Single-tenant professional-services office/flex building, Charlotte NC Uptown district.
28,000 sf four-story office/flex (built 1987, HVAC modernized 2015, roof replaced 2019). Professional services firm anchor tenant on 5-year lease with renewal options. Parking lot shared with adjacent property with poorly marked drainage. Documented water-intrusion exposure through ground-floor service entrance during heavy-rain events. Policy hadn't been re-audited against the building-envelope responsibility allocation, the server-room tenant-property exposure, or Mecklenburg County moderate-venue patterns in three renewal cycles.
Read the professional services firm's 5-year lease line by line against the policy schedule. Documented the building-envelope responsibility allocation (lease assigns "interior fixtures" to tenant + "building envelope integrity" to owner — water-intrusion claims straddle the boundary). Pulled the shared-parking-lot drainage history against documented water-intrusion frequency at ground-floor service entrance. Reviewed N.C. Gen. Stat. § 99B premises-liability framework + pure contributory-negligence doctrine as operator-grade defense lever (any plaintiff fault bars recovery). Cross-walked Mecklenburg County moderate-venue patterns against current premises liability tower sizing.

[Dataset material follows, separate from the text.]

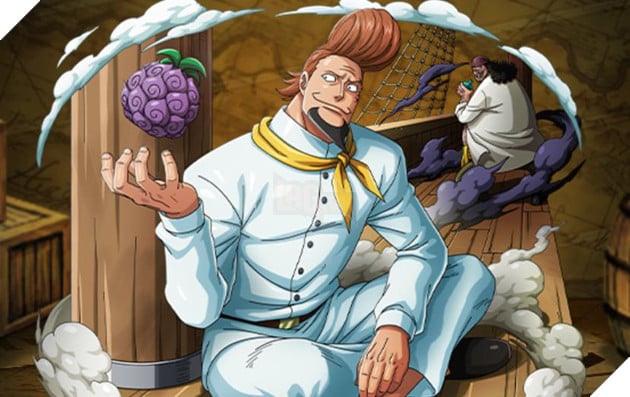 one piece băng râu trắng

Replaced coverage on next renewal matching the professional services tenant operations and the building-envelope responsibility allocation. Drainage capital improvement scheduled on shared parking lot with documented re-grading work. Tenant property versus building property allocation clarified through lease addendum (server-room equipment = tenant property; building envelope = owner property). Mutual waivers of recovery added. Premises liability tower sized to Mecklenburg County moderate-venue patterns + N.C. pure contributory-negligence framework. Building-envelope inspection schedule established with documentation discipline to support pure-contributory-negligence defense. Building owner walked into renewal discussions with the professional services firm holding documentation showing the policy now matched what the lease required — strengthening the long-term tenant relationship and replacing dec-page guesswork at the next renewal.